Clavier français AZERTY vs. BEPOE : l’Afnor veut votre avis

 

Source : ZDNet

Technologie : Mis à jour à 16h – L’Afnor avait été chargée de définir une nouvelle norme de clavier afin de faciliter la frappe en français, langue qui comporte de nombreux caractères spéciaux. Aujourd’hui, l’Agence de normalisation présente ses premières propositions et invite les internautes à donner leurs avis sur le sujet.

En début d’année 2016, le ministère de la Culture avait chargé l’Afnor, l’agence française de normalisation, de se pencher sur l’élaboration d’une nouvelle norme pour les claviers français. Celle-ci devait prendre en compte la spécificité du français et permettre un accès rapide aux accents et autres caractères spéciaux communs dans notre orthographe. Celui-ci aura vocation à harmoniser les claviers commercialisés en France.

« Il parait indispensable que ce clavier permette l’utilisation aisée non seulement du français, mais aussi des différentes langues présentes sur notre territoire, que ce soit des langues régionales ou des langues étrangères » écrivait dans son communiqué le ministère de la Culture. Et au passage, cette nouvelle norme devra également prévoir moyen simple d’entrer les caractères accentués majuscules. On avouera que l’utilisation de la commande alt + 144 pour faire apparaitre le É n’est peut être pas un trésor d’intuitivité pour les utilisateurs.

« Ces limitations matérielles ont même conduit certains de nos concitoyens à penser que l’on ne devait pas accentuer les majuscules, confortés, même, par certains services de l’État qui jusqu’à encore récemment renseignaient les bases administratives françaises en majuscules et sans aucun accent » ajoutait à ce sujet la Délégation générale à la Langue Française et aux langues de France.  

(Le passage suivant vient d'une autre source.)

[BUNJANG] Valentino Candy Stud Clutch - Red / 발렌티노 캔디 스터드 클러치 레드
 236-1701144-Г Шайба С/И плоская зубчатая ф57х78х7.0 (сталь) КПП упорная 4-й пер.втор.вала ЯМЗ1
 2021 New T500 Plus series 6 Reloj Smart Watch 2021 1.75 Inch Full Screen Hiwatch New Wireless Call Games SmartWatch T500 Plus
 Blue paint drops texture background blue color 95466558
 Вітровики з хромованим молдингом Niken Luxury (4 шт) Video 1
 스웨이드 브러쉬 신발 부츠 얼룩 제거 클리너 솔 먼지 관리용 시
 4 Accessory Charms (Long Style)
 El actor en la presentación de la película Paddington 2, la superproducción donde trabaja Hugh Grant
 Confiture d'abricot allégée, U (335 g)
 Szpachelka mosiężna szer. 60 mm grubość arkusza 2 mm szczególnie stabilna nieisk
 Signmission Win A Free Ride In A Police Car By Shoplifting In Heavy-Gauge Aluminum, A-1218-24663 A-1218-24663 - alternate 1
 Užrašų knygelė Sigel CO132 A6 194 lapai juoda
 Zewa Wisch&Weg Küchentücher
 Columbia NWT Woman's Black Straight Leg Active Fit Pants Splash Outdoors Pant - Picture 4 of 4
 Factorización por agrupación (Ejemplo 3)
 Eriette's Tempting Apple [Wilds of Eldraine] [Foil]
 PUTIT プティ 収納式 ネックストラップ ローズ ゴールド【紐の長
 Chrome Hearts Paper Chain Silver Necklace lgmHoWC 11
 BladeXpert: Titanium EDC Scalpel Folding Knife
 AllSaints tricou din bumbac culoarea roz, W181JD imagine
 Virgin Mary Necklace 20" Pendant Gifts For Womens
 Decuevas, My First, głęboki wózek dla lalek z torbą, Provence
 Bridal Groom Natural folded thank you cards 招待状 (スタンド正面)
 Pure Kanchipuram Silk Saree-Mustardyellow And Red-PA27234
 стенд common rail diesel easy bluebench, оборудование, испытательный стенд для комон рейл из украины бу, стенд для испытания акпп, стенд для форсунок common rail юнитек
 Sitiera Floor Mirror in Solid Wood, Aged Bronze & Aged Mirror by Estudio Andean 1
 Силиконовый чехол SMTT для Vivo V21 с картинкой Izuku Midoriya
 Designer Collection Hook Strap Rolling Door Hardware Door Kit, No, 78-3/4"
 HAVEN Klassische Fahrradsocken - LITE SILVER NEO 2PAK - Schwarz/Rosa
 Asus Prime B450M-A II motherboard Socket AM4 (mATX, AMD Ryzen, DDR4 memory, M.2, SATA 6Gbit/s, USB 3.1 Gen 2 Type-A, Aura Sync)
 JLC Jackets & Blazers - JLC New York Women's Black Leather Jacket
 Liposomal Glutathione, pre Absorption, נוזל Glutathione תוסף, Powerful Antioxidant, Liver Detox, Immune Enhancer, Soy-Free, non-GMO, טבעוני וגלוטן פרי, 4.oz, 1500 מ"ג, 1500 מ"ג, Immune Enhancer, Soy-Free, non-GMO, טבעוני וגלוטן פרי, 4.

Le projet devait initialement être présenté au public à l’été 2016, mais celui-ci semble avoir pris un peu de retard puisque le groupe de l’Afnor n’ouvre qu’aujourd’hui sa consultation sur ses premières propositions de clavier. Propositions au pluriel, car l’Afnor présente deux dispositions de clavier dans ses documents : l’un est une version améliorée et réadaptée de la disposition azerty, la plus commune en France, tandis que l’autre est une version revue et corrigée de la disposition BEPO.

Dans un communiqué, l’Afnor invite donc les utilisateurs intéressés à se pencher sur les propositions afin de donner leur avis sur celles-ci. « Tout le monde ou presque utilise un clavier aujourd’hui, donc nous nous attendons à recevoir beaucoup de commentaires, comme en témoignent les échanges sur Twitter autour du mot dièse #clavierfrançais », explique dans un communiqué Philippe Magnabosco, chef de projet à l’Afnor.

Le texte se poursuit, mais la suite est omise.